Le droit est-il un levier de prévention efficace pour la santé mentale ?
Pour Loïc Lerouge, le droit ne doit pas être réduit à une sanction. Il s’agit avant tout d’un guide structural et d’un mode de résolution des problèmes sociétaux, au même titre que la politique ou l’économie. Les normes juridiques garantissent les libertés et offrent un cadre indispensable pour inscrire des politiques de prévention durables. Cependant, la loi seule ne suffit pas : elle est le fruit de rapports de force sociaux et doit être incarnée par les acteurs du travail pour être réellement efficace.
Quelles sont les tendances internationales qui inspirent la France ?
L’épisode met en lumière des disparités et des convergences mondiales. Certains pays se distinguent par leur avance :
- L’Australie est citée comme un modèle où la recherche influence fortement l’évolution rapide des normes sur les risques psychosociaux (RPS).
- Le Danemark a entamé une reconnaissance partielle des RPS comme maladies professionnelles.
- La Belgique a instauré une définition juridique des RPS distincte du harcèlement, offrant une plus grande clarté pour l’action.

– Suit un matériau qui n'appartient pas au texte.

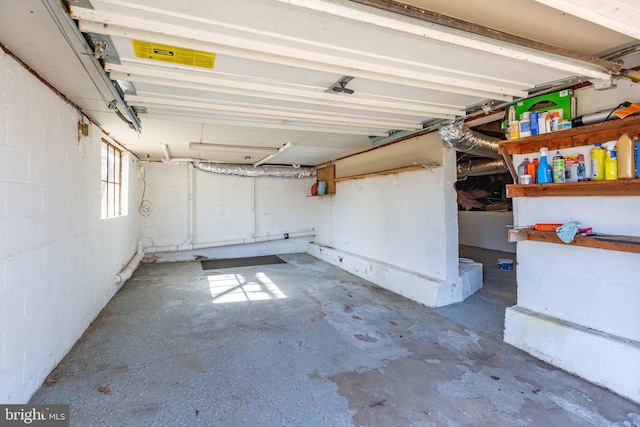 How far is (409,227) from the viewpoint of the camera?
4223 millimetres

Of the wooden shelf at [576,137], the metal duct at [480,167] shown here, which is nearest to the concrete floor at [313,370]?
the wooden shelf at [576,137]

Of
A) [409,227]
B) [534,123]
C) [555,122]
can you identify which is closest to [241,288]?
[409,227]

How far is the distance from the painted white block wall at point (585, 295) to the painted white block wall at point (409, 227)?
0.99 metres

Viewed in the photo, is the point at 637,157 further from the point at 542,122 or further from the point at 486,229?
the point at 486,229

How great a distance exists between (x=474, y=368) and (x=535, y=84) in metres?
2.25

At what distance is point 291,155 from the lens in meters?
5.74

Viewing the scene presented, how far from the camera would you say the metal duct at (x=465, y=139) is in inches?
129

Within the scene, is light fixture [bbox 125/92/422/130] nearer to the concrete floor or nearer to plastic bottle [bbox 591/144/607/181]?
plastic bottle [bbox 591/144/607/181]

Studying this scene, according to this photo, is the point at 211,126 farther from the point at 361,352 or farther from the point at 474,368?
the point at 474,368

Ces exemples montrent que si les sujets sont globaux, le rythme de régulation diverge selon les contextes culturels et économiques.

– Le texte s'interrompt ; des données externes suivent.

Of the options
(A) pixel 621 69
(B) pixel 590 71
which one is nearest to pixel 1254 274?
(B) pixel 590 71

Pourquoi considérer l’entreprise comme une « micro-société » ?
L’un des apports majeurs de Loïc Lerouge est de redéfinir l’entreprise non plus seulement comme un lieu de production de richesse, mais comme un espace sociétal. Elle est désormais traversée par des questions de genre, de développement numérique et de violences qui dépassent les murs du bureau. Le droit doit donc appréhender la santé au travail de manière globale : physique, mentale, mais aussi sociale (au sens de l’OMS).
Jusqu’où va la responsabilité de l’employeur en télétravail ?
Le télétravail brouille la frontière entre vie privée et vie professionnelle, créant de nouveaux défis juridiques. Loïc Lerouge pose une question provocante : l’employeur est-il responsable de ce qui se passe au domicile du salarié, notamment en cas de violences conjugales ?. Il propose la création d’un concept d’« espace effectif de travail » pour mieux encadrer juridiquement la responsabilité de l’entreprise dans ces contextes hybrides.
Vers un nouveau statut du travailleur et des sanctions économiques ? Le futur de la régulation pourrait passer par une redéfinition du « statut de travailleur » pour inclure le secteur informel, souvent marqué par l’invisibilité et la violence, notamment en Afrique de l’Ouest. Par ailleurs, l’expert souligne que pour que la santé mentale devienne une priorité réelle, le cadre législatif doit s’accompagner de leviers et de sanctions économiques puissants, car la seule incitation managériale (comme les normes ISO) reste volontaire et parfois insuffisante.
Conclusion : Le droit comme moteur de sens En définitive, le droit du travail n’est pas qu’un ensemble de règles ; il véhicule des valeurs fondamentales de dignité et de justice sociale. Il est un outil de réalisation pour l’individu et un levier de sens pour les organisations qui souhaitent construire un futur du travail durable.